La derecha y el centro se movilizaron en contra (5). El actual gobierno quizás haya cometido algunos errores tácticos. El liberalismo occidental ha criticado supuestas inconsistencias del texto (6). En todo caso, se ha puesto de nuevo en evidencia lo difícil que resulta modificar las estructuras sociales y económicas que sustentan el sistema establecido. Anticipando el fracaso presentido (aunque no de forma tan rotunda), Boric ya había anunciado otro proceso constituyente. Un nuevo intento.  

En 1973, los adversarios de la transformación social intentaron por todos los medios boicotear la experiencia socializadora de Allende y la Unidad Popular; cincuenta años después, la rectificación constitucional planteada por Boric se enfrenta a otros peligros menos sangrientos quizás, pero igualmente poderosos (7).

Para comentar esta coincidencia de decisiones en Gran Bretaña y Chile, valdría el clásico adagio de Marx.
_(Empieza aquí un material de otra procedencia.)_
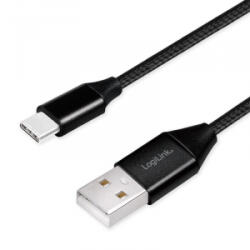 LogiLink USB 2.0 Type-C kábel, C/M-USB-A/M fekete 1 m (CU0140)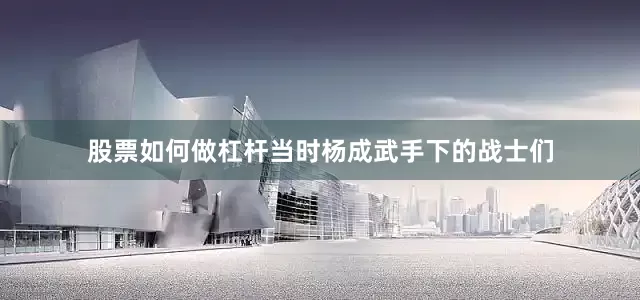 股票如何做杠杆当时杨成武手下的战士们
La historia que se escribió como tragedia se repite ahora deformada como farsa: un thatcherismo de cartón piedra y los efectos perdurables de un neoliberalismo que se resiste a ser borrado de la vida de los chilenos. 


NOTAS

(1) “If Lizz Truss becomes Britain’s Prime Minister”. PETER KELLNER. CARNEGIE, 3 de agosto.

(2) “Lizz Truss brushes off concerns about £8,8 bn black hole in her budget. THE GUARDIAN, 3 de agosto.

(3) “What kind of Prime Minister will Britain get. THE ECONOMIST, 18 de Agosto.

(4) “Au Chili, si la nouvelle Constitution l’emporte, le lien institutionelle avec le dictature e Pinochet serait totalmente rompue”. CRISTIAN ZAMORANO (profesor de La Sorbona, París). LE MONDE- IDÉES, 1 de septiembre; “Quelles que soient ses limites, le projet de Constitution est un véhicule de changement”. CARLOS HERRERA (jurista) y Eugénia Palleraki (historiadora). LE MONDE-IDÉES, 31 de agosto.

(5) “El fracaso de la Convención”. GONZALO CORDERO. LA TERCERA, 23 de julio.

(6) “Voters should reject Chile’s new draft Constitucion. It is a woke and fiscally irresponsible mess”. THE ECONOMIST, 6 de julio.

(7) “Votar apruebo… o votar por Pinochet”. FABIO SALAS. EL DESCONCIERTO, 13 de agosto.